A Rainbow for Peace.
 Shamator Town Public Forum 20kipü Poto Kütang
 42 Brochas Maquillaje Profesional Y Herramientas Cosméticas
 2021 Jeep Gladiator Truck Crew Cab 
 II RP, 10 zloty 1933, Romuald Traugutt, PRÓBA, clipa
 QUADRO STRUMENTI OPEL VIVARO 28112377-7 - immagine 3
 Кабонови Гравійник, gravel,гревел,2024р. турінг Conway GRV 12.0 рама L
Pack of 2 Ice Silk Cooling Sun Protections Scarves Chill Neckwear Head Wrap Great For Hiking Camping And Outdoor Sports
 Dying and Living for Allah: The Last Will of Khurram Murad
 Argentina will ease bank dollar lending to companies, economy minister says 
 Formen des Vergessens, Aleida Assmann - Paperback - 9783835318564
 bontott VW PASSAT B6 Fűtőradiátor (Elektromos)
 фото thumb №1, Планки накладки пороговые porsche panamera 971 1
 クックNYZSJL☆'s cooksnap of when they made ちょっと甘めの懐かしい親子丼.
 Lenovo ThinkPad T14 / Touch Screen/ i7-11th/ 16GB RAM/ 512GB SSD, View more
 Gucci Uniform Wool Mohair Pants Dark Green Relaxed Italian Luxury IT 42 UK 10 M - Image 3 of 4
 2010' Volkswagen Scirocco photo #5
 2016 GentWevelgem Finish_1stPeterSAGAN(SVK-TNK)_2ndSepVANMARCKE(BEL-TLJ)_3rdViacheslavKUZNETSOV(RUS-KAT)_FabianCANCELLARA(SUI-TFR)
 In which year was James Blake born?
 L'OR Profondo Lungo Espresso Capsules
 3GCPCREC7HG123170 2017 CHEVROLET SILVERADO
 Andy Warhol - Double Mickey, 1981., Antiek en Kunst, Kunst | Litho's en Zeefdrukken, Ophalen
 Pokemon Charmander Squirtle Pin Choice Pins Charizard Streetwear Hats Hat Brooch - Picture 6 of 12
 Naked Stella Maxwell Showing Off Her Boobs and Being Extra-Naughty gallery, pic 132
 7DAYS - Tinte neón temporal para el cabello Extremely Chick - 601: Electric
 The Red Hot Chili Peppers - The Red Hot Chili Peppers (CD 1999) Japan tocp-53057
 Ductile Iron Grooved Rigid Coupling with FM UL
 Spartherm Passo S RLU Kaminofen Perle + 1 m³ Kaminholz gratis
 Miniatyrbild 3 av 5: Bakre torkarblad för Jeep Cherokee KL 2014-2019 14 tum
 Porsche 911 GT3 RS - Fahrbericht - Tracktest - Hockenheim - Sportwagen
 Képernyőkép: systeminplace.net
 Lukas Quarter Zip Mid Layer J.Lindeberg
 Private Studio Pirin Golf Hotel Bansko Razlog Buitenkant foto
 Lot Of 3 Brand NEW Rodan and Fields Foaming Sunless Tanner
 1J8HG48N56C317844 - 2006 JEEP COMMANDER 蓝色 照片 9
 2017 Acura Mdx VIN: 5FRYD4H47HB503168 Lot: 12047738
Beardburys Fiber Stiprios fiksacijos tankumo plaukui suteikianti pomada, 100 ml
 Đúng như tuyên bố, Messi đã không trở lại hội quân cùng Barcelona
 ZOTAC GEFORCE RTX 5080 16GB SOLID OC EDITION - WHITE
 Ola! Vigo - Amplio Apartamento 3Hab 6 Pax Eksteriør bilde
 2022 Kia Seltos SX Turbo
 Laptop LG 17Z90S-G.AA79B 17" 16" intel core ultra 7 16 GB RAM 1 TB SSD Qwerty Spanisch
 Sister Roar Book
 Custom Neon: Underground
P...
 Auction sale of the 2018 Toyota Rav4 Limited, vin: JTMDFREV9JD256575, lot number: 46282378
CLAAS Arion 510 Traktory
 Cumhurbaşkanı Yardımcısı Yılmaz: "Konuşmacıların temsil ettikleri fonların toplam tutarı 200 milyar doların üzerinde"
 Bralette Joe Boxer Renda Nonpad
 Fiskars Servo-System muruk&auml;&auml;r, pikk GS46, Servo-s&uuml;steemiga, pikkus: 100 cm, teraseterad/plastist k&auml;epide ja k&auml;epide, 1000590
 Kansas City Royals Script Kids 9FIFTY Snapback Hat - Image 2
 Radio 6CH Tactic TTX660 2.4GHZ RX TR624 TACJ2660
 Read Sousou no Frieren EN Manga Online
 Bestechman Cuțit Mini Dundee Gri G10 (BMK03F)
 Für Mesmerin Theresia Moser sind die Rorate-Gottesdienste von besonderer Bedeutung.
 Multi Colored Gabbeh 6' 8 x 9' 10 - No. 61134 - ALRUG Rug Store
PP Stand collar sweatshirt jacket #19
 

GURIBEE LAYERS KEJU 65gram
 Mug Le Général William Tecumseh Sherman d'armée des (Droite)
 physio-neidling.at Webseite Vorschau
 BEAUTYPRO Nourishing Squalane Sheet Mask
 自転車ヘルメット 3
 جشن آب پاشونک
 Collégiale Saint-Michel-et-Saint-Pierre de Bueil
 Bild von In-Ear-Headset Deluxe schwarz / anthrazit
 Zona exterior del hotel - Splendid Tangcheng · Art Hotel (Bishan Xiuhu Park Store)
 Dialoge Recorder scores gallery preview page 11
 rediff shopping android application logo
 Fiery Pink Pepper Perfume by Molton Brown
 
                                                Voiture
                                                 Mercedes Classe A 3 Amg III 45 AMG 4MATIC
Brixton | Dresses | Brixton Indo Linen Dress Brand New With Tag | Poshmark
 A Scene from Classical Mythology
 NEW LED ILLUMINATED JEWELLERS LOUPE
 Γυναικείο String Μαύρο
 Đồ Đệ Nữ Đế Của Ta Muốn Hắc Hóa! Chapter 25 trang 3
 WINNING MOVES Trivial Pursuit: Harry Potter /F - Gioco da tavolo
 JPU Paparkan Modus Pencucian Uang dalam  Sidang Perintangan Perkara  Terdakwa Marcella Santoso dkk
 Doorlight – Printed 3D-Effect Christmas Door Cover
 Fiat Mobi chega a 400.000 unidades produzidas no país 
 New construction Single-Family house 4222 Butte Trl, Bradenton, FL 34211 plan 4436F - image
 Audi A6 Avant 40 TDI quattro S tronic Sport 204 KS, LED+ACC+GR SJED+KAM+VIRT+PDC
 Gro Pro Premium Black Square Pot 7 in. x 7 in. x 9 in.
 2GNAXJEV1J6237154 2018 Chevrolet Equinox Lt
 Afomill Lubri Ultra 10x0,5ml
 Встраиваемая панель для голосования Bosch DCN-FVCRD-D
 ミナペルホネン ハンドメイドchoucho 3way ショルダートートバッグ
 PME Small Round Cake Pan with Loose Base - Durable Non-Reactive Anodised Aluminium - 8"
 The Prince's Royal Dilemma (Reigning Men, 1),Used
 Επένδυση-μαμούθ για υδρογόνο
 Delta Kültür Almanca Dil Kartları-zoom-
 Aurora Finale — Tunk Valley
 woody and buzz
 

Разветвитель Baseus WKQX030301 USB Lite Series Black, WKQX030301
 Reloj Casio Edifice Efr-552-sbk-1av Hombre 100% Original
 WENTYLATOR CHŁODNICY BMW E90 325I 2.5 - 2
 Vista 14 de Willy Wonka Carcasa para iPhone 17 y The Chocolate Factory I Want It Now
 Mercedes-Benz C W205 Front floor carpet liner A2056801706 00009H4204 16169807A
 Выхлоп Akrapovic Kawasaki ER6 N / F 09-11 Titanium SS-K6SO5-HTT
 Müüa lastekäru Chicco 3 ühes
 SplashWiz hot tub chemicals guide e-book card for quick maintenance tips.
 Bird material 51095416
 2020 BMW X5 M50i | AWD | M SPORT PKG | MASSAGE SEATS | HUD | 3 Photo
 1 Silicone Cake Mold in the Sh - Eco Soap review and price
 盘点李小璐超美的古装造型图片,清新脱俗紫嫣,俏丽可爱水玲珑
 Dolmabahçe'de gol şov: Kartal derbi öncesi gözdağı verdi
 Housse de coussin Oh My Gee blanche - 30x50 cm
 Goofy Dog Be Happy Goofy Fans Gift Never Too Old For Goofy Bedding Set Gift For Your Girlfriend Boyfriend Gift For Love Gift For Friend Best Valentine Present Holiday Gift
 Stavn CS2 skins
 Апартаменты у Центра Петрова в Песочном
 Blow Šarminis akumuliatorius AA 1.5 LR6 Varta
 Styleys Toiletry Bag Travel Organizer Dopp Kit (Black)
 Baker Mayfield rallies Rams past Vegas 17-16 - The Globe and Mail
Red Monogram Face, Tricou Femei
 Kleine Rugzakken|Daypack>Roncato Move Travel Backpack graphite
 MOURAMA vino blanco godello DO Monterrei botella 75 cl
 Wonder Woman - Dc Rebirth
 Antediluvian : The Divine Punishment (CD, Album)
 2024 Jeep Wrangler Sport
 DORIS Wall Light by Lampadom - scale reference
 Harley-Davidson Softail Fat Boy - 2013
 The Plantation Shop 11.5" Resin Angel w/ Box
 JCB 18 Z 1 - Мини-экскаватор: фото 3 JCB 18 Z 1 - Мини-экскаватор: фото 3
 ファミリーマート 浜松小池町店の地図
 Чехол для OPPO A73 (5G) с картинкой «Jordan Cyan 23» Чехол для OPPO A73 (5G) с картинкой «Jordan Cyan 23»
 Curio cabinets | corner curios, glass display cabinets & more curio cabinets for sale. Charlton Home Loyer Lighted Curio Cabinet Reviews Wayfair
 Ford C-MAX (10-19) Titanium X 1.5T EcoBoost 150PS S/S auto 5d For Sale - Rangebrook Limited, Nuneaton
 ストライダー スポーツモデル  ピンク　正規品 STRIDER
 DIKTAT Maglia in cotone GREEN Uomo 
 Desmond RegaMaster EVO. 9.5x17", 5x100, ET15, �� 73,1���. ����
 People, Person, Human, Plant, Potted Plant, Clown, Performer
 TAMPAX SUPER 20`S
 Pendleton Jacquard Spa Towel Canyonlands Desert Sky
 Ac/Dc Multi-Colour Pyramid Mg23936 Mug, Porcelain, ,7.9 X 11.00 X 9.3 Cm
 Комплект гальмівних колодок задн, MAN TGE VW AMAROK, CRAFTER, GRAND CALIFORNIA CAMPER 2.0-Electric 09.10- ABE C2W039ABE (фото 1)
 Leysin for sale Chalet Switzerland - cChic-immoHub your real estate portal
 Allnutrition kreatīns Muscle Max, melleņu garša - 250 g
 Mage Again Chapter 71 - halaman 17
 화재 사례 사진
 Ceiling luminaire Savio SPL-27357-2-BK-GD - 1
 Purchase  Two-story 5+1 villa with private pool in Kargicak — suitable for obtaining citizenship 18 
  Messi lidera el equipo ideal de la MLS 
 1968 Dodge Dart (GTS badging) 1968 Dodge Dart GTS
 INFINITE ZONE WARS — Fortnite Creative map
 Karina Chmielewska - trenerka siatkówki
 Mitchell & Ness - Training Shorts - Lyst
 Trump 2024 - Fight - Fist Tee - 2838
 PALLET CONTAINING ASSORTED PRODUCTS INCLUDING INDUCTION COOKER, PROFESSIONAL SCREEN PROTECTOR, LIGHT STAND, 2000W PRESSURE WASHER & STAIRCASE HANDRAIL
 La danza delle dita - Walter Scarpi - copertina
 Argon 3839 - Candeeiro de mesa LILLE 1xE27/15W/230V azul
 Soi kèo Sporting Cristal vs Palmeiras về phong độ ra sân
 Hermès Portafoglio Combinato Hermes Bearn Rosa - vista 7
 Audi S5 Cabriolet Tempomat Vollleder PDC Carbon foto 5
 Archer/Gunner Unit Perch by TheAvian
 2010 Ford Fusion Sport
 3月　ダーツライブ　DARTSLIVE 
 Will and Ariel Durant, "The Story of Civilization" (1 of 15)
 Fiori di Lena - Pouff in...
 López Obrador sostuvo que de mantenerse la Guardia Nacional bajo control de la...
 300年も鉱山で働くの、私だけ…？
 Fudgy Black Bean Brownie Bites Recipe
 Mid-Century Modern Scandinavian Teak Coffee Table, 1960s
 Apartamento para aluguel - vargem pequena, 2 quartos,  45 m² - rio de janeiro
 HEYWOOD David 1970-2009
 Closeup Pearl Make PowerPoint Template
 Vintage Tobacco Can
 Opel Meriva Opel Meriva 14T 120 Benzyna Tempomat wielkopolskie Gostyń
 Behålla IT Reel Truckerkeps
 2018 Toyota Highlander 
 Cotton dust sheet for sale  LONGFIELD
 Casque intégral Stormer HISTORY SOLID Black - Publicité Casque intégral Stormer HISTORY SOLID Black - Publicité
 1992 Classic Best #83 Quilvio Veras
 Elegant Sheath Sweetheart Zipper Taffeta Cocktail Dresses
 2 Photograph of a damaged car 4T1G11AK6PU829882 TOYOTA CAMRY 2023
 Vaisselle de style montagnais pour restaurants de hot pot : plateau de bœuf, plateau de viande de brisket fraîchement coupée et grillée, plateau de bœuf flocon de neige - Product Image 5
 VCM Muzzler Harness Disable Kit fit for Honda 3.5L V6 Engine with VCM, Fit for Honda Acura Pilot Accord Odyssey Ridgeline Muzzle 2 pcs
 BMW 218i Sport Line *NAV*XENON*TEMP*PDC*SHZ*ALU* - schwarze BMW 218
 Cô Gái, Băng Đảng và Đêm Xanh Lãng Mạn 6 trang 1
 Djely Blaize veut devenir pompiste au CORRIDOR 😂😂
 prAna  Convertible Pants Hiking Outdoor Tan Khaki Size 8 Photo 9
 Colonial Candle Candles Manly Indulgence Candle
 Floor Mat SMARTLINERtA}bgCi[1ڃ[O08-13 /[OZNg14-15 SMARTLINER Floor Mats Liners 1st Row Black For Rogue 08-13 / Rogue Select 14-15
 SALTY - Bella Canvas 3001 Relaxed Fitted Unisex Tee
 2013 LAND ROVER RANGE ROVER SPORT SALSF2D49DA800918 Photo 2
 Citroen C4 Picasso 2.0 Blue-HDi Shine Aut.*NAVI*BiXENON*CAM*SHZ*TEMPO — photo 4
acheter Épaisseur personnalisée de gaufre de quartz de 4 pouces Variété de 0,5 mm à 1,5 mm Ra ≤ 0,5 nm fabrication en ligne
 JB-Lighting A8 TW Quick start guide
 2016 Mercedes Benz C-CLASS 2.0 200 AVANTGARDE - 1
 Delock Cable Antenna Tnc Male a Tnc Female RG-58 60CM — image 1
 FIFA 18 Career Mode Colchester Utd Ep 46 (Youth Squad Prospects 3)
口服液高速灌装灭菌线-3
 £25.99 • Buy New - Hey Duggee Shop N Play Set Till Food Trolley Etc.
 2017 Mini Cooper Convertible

- - - - -

Go to the line with "JPU Paparkan Modus" in the entries above and repeat every line from there through the line with "Fiat Mobi chega", exactly and with no other text.

Reply —
 JPU Paparkan Modus Pencucian Uang dalam  Sidang Perintangan Perkara  Terdakwa Marcella Santoso dkk
 Doorlight – Printed 3D-Effect Christmas Door Cover
 Fiat Mobi chega a 400.000 unidades produzidas no país 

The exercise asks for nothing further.